# Fluval 405 Leaking



## Fronti (May 13, 2013)

Well when I clean my filter and place it back together it begins to leak where the top and the canister case meet. The gasket is in place and it snaps into place just fine, but a little stream of water leaks out. Has onyone ever had this problem before?


----------



## mambee (Apr 13, 2003)

I don't have that filter, but I know that you should lubricate the gasket every time that you perform maintenance. If that doesn't work, try replacing the gasket.


----------



## Brentt700 (Mar 14, 2013)

I have had this happen just recently on one of my three Fluval 205's. The right side one would NOT seal no matter what I did to it. Took the o-ring off and sealed it with some special grease I bought at Home Depot that won't deteriorate rubber and is waterproof then installed it with NO luck. Tried drying and cleaning it and then applying the grease while the o-ring was seated in the groove with NO luck. Tried this about ten different times with no luck what-so -ever. I even tried it a few times dry with no luck. Then, at my wits end, I decided to purchase some new o-rings and since they were somewhat "greased" inside the bag, I just installed them onto the filter head and then seated it onto the case. And guess what??? NO LEAKS! I have even taken it apart once since then to change the cruddy bio-media rings to Seachem Denitrate and putting it back together was worried I would have the same problem but NO......sealed up just great! The old o-ring must have been bad or "faulty" from the get-go and I must have been lucky all this time for it not leaking. The other two filters are just fine. Just this one has had the issue.

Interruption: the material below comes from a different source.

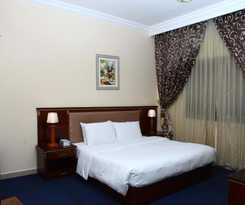 Hotel Zenith Smart Vacation Homes, Ajman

You might want to try a new o-ring and see what happens. I paid $4 for my o-rings at a LFS and bought two of them. One for an extra one just in case I needed one for the future.


----------



## Fronti (May 13, 2013)

Nice I appreciate the info man. I just ordered a tune up kit yesterday and should be here by Thursday. I think it is the o-ring too, although it may look fine there may be some small thing keeping it from doing the whole job. Will post up and tell you how it goes. For now I bought a Marineland Penguin 200, but only temporary and a good back up for later situations.


----------



## preston stamper (Jun 18, 2013)

My leaking 405 was making me nuts. All the advice centers around the main gasket. I lube them. I bought new ones. Still leaked. Ugh! /// Now, before you throw out the excellent and expensive filter, do the following. Spray off filter groove and lightly lube the gasket. I use Leslie's pool gasket lube. Only fill the canister 2/3 full of water!!! Push lid to media down all the way and then use the clamps evenly to seal the lid . Add water through top till full. Trickles may appear but go away. Attach hoses and run it. If leaks remain after short time, Redo the clamps AFTER removing !/3 of water again. This always works after a time or three.


----------



## Brentt700 (Mar 14, 2013)

I have found by using three Fluval 205's that their o-rings seem to be made of crappy quality rubber or are not sized exactly right for the groove versus the sealing surface on the body of the canister. I had this problem again last night! I just threw on a new o-ring and problem solved. No leaks and for $5......well worth the hassle of taking the thing apart repeatedly and greasing and regreasing to try and make the stupid thing seal. I am planning on just stocking o-rings for every half a year to a year when they seem to have issues. It must be the quality control in how these filters are being made these days because I hear of people using the same o-rings for years and I can attest that after greasing lightly...heavily....no grease.....every time cleaning before I did this each time.....nothing seemed to work, and I am not someone who isn't mechanically inclined. I used to build aircooled VW engines, did all the machining and porting myself, and made anything from stock 1600cc's to 2500cc's producing 325HP N/A. It's not like I don't know what I am doing. It's just they DO NOT WORK! The o-rings seem to be too large almost for the groove after many times of taking it apart for maintenance. I believe it is a design flaw. JMO, though.


----------



## ozman (Sep 7, 2012)

inmo no gasket is designed to last for ever its just not going to happen. firstly the manufacturers want to keep making money :roll: 
but that aside there are so many variables in their use, because we own the same filter does not mean that we treat them the same hey. :thumb:


----------